▸ Work required
The records that follow are to be given again exactly, with their pictures omitted.

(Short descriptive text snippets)
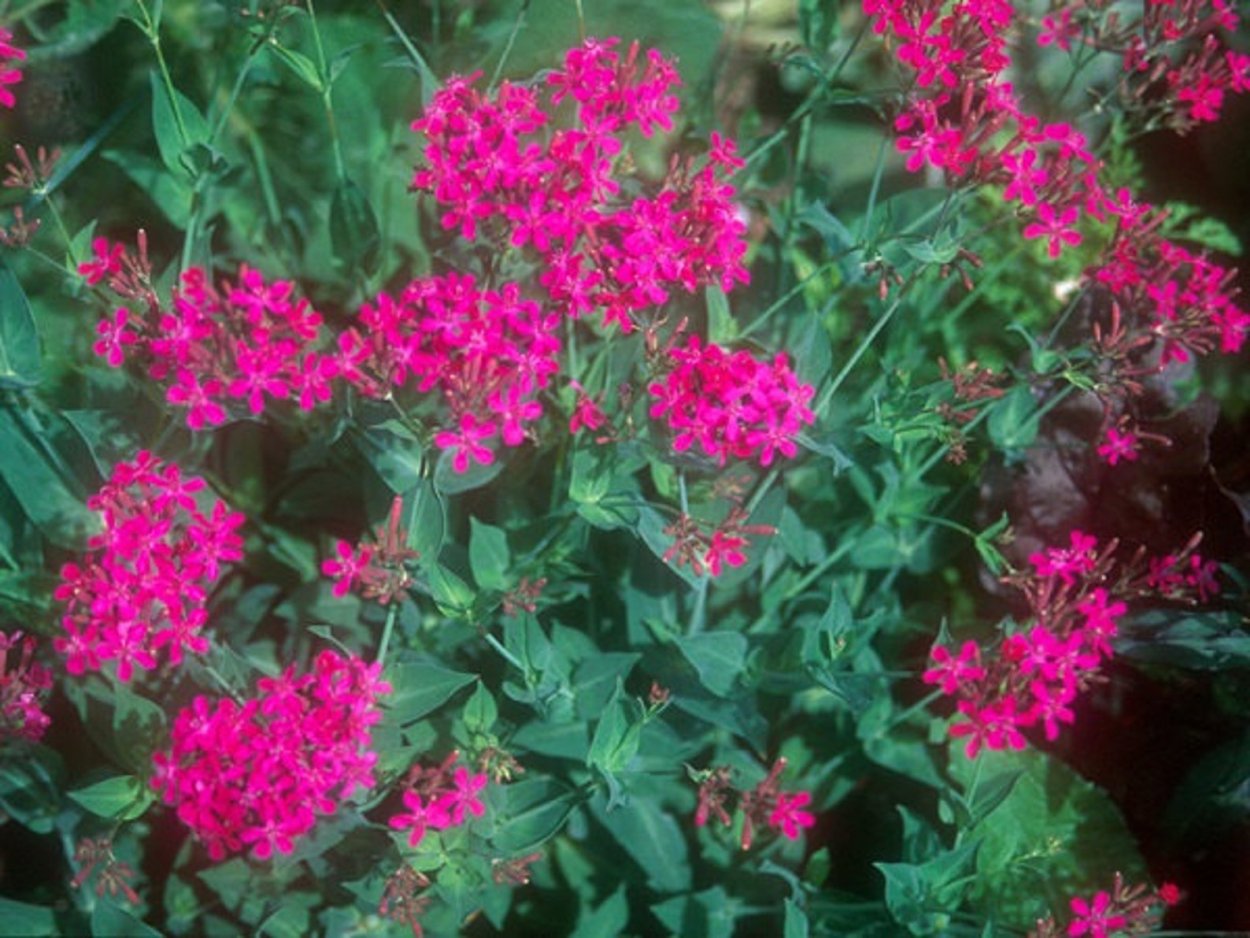 Силена Смолевка цветы Электра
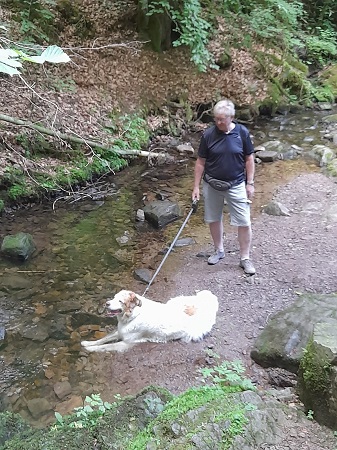 Lotenbachklamm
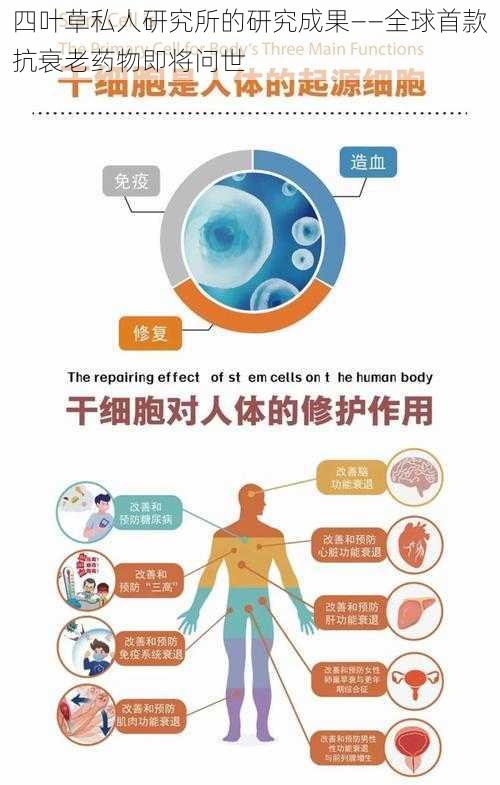 四叶草私人研究所的研究成果——全球首款抗衰老药物即将问世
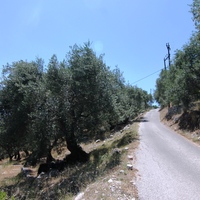 Land plot in Greece, Ionian Islands, 4700 sq.m.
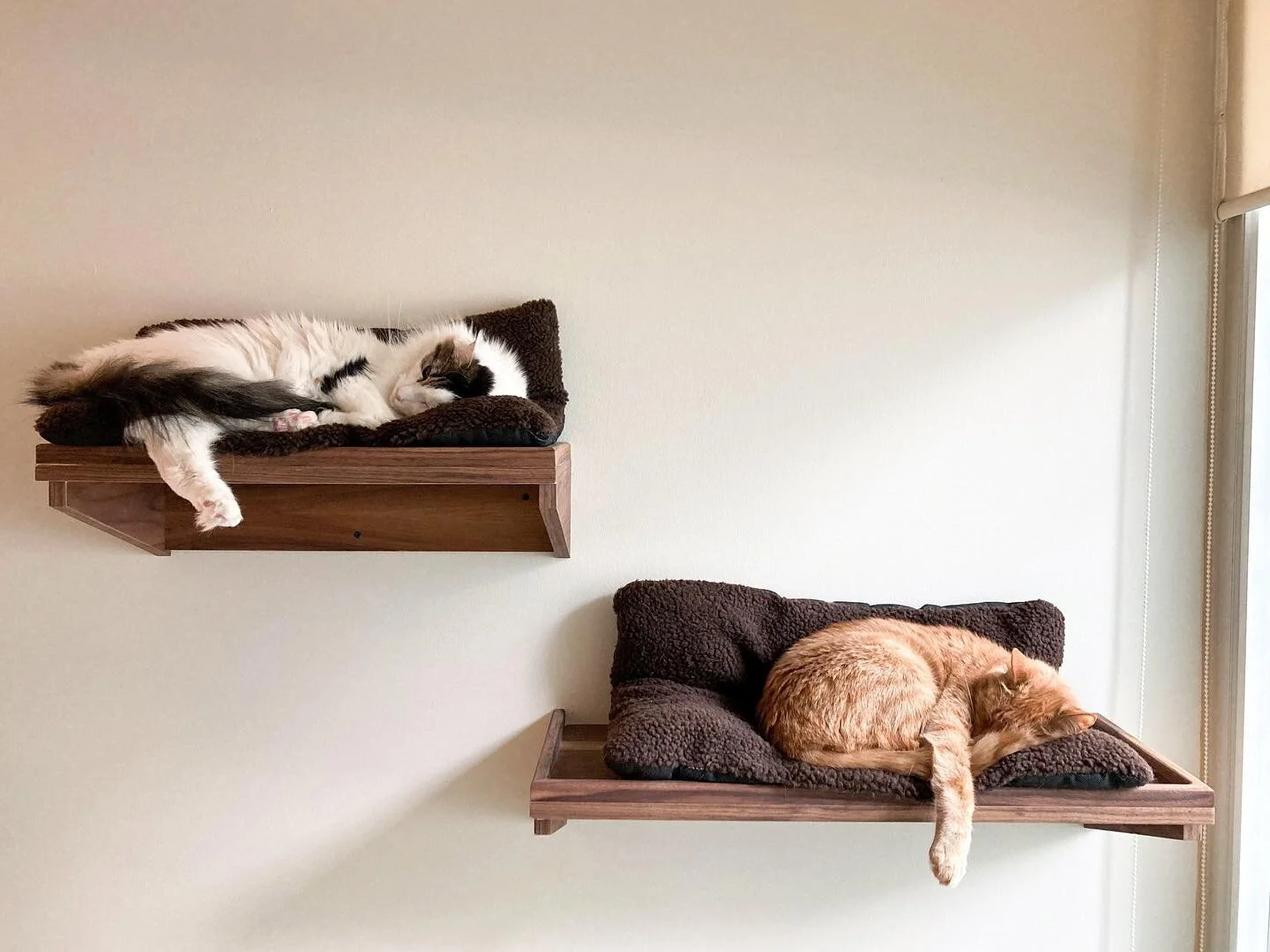 When clients send (visual) customer reviews&hellip; 
#excellenttonapon #catsareclientstoo #woodchipwerks #catsofinstagram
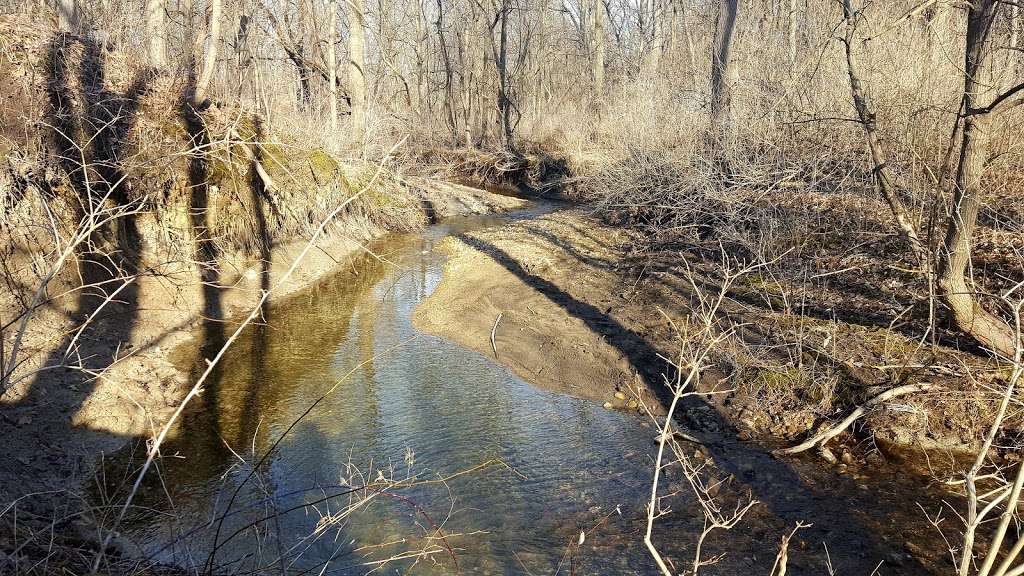 Richard Young Forest Preserve | 8225 IL-71, Yorkville, IL 60560, USA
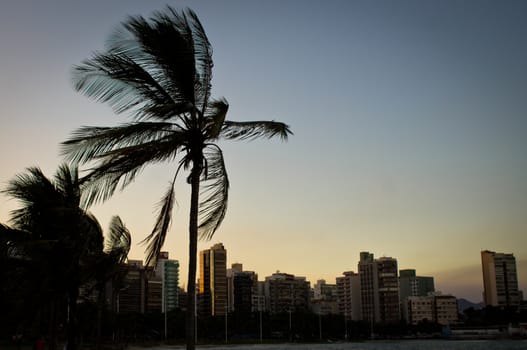 Palm tree silhouette against the sky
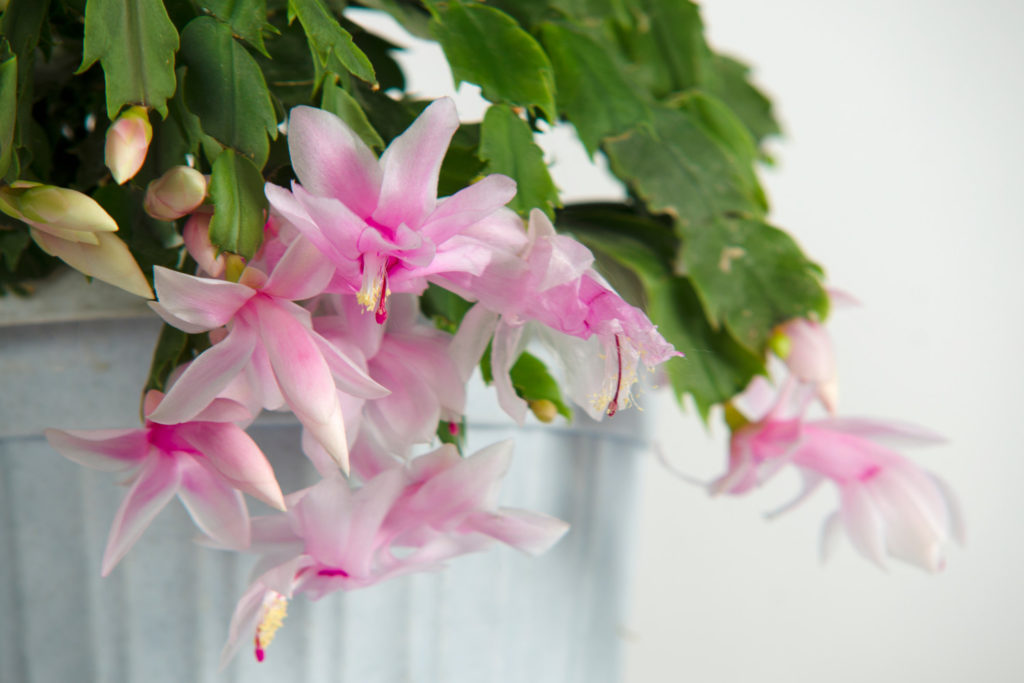 lidcactus met roze bloemen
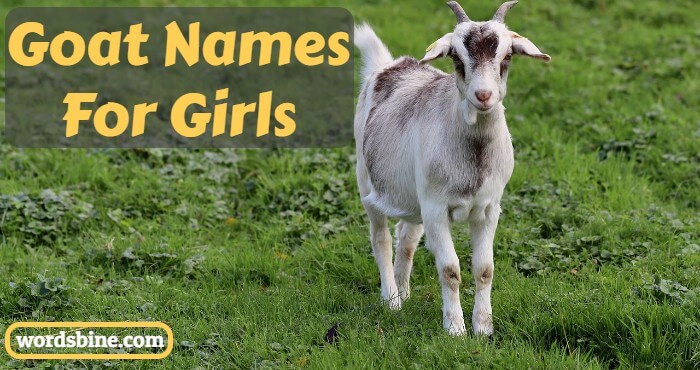Goat Names For Girls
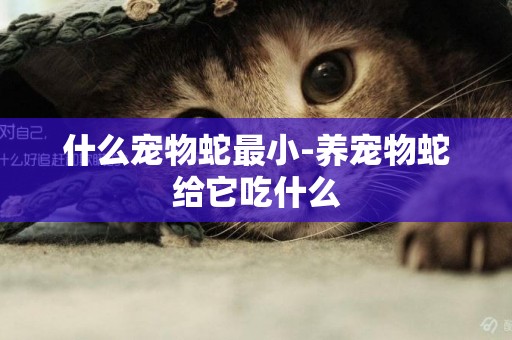 什么寵物蛇最小-養寵物蛇給它吃什么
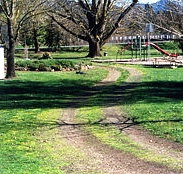 Mongans Bridge Camping Park - Maitland Accommodation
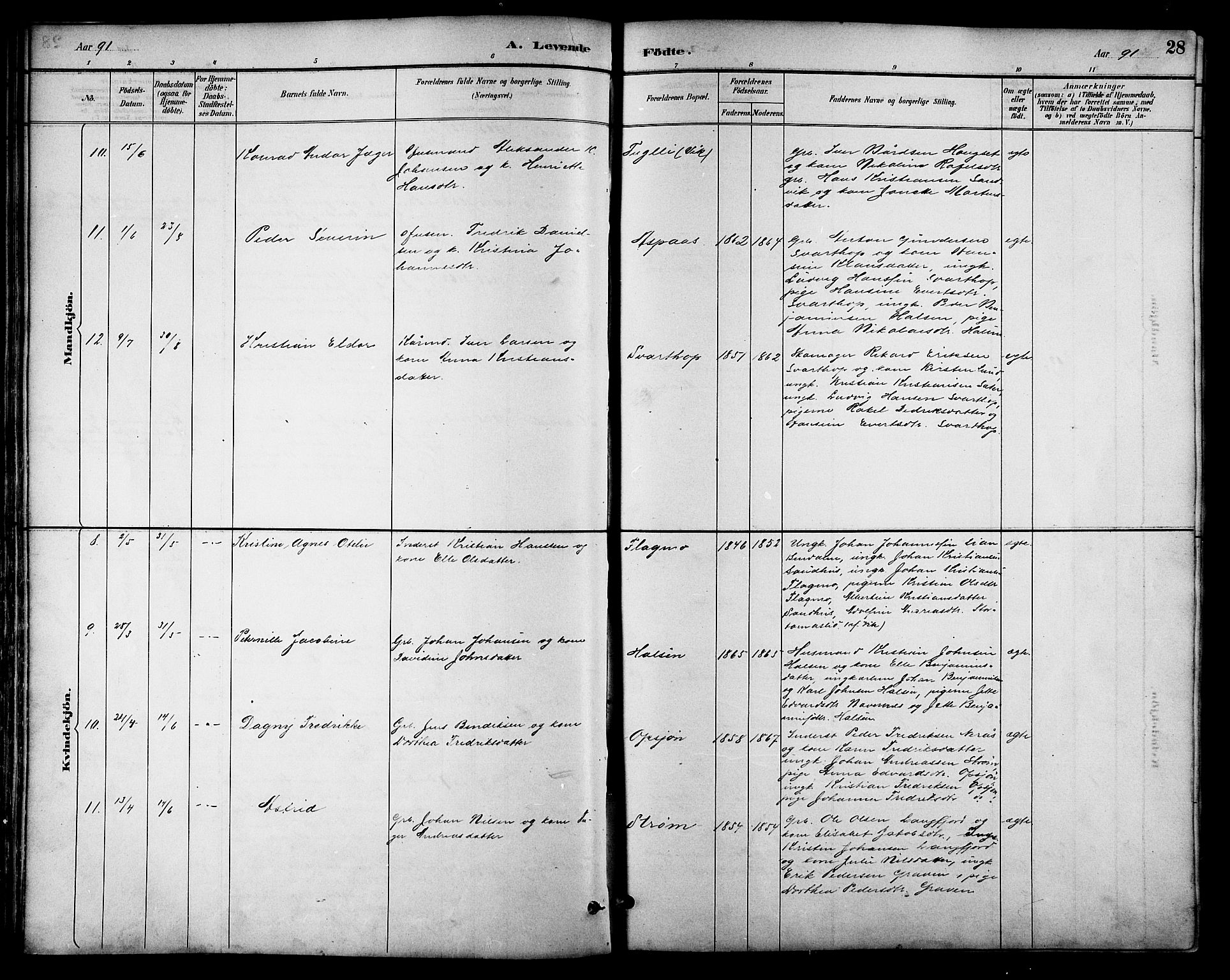 Ministerialprotokoller, klokkerbøker og fødselsregistre - Nordland, AV/SAT-A-1459/814/L0230: Parish register (copy) no. 814C03, 1884-1911, p. 28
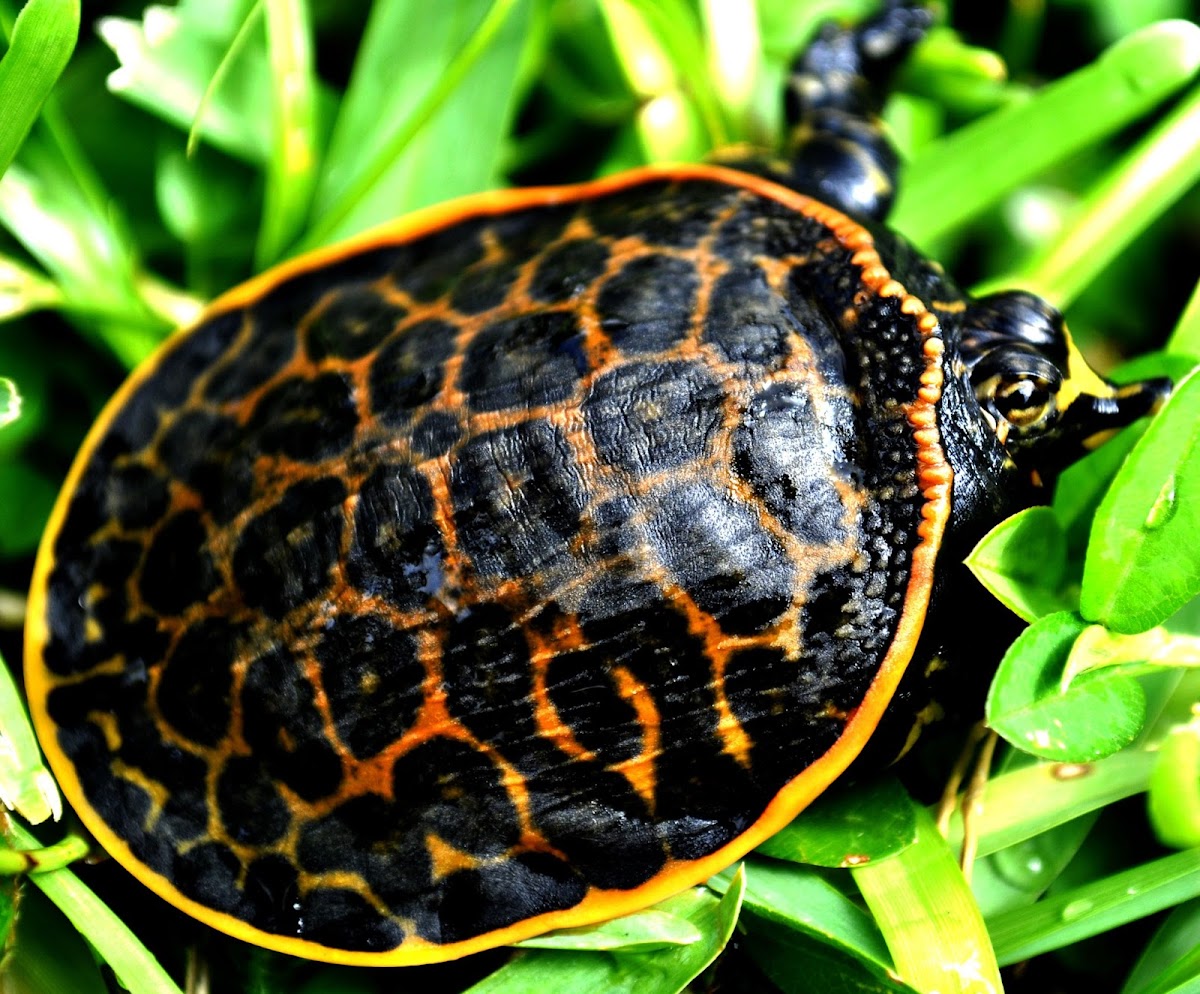 Florida Soft Shell Turtle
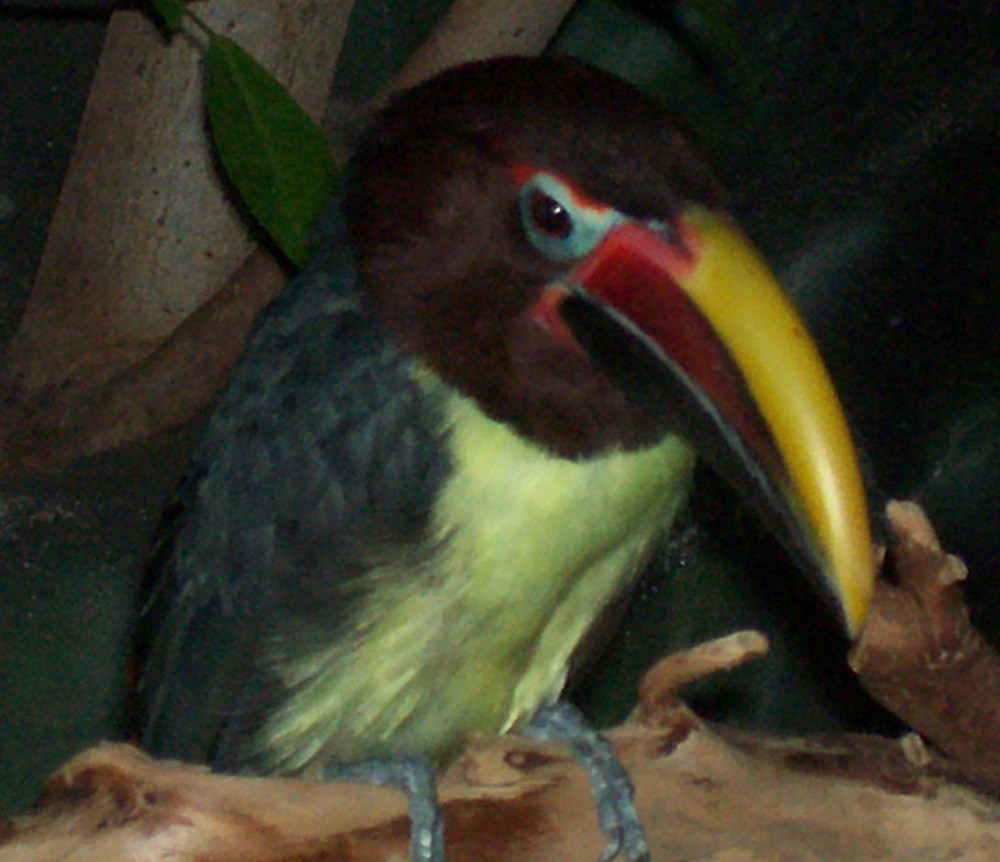 Bird at the zoo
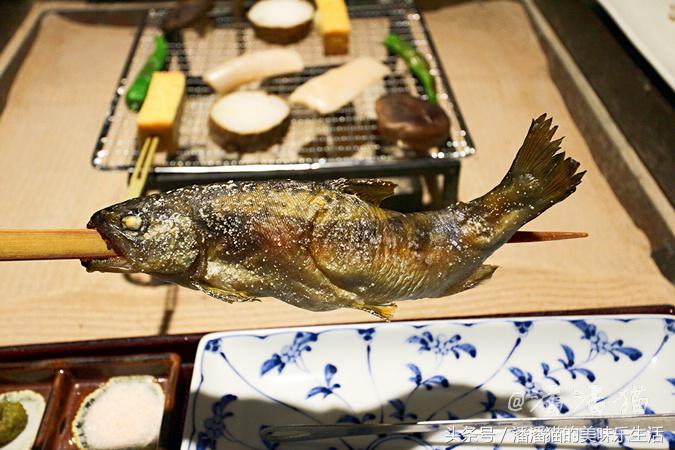 箱根温泉视频,箱根温泉深度解析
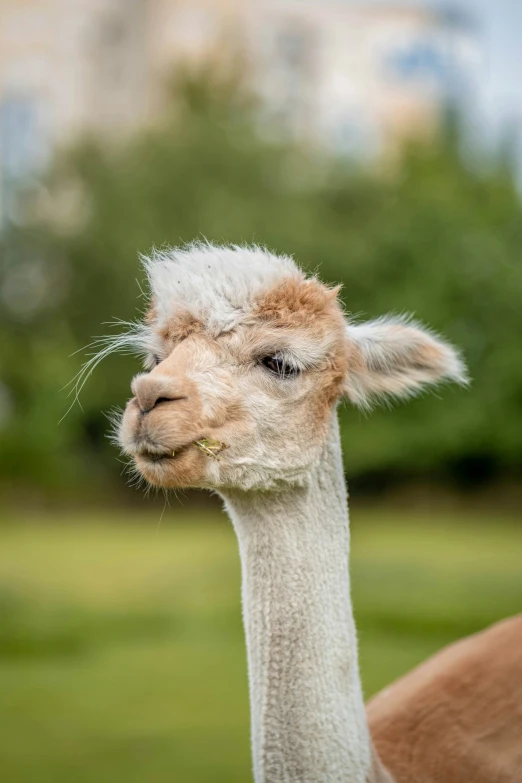 an alpaca staring at the camera with its head tilted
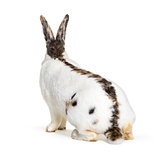 Checkered Giant rabbit is a breed of domestic rabbit that origin
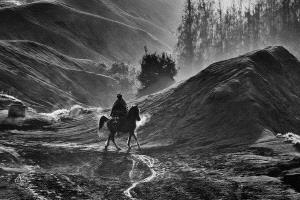PhotoVivo Gold Medal - Ee Sin Tan (Singapore)  Horse Ride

▸ Written reply
 Силена Смолевка цветы Электра
 Lotenbachklamm
 四叶草私人研究所的研究成果——全球首款抗衰老药物即将问世
 Land plot in Greece, Ionian Islands, 4700 sq.m.
 When clients send (visual) customer reviews&hellip; 
#excellenttonapon #catsareclientstoo #woodchipwerks #catsofinstagram
 Richard Young Forest Preserve | 8225 IL-71, Yorkville, IL 60560, USA
 Palm tree silhouette against the sky
 lidcactus met roze bloemen
Goat Names For Girls
 什么寵物蛇最小-養寵物蛇給它吃什么
 Mongans Bridge Camping Park - Maitland Accommodation
 Ministerialprotokoller, klokkerbøker og fødselsregistre - Nordland, AV/SAT-A-1459/814/L0230: Parish register (copy) no. 814C03, 1884-1911, p. 28
 Florida Soft Shell Turtle
 Bird at the zoo
 箱根温泉视频,箱根温泉深度解析
 an alpaca staring at the camera with its head tilted
 Checkered Giant rabbit is a breed of domestic rabbit that origin
PhotoVivo Gold Medal - Ee Sin Tan (Singapore)  Horse Ride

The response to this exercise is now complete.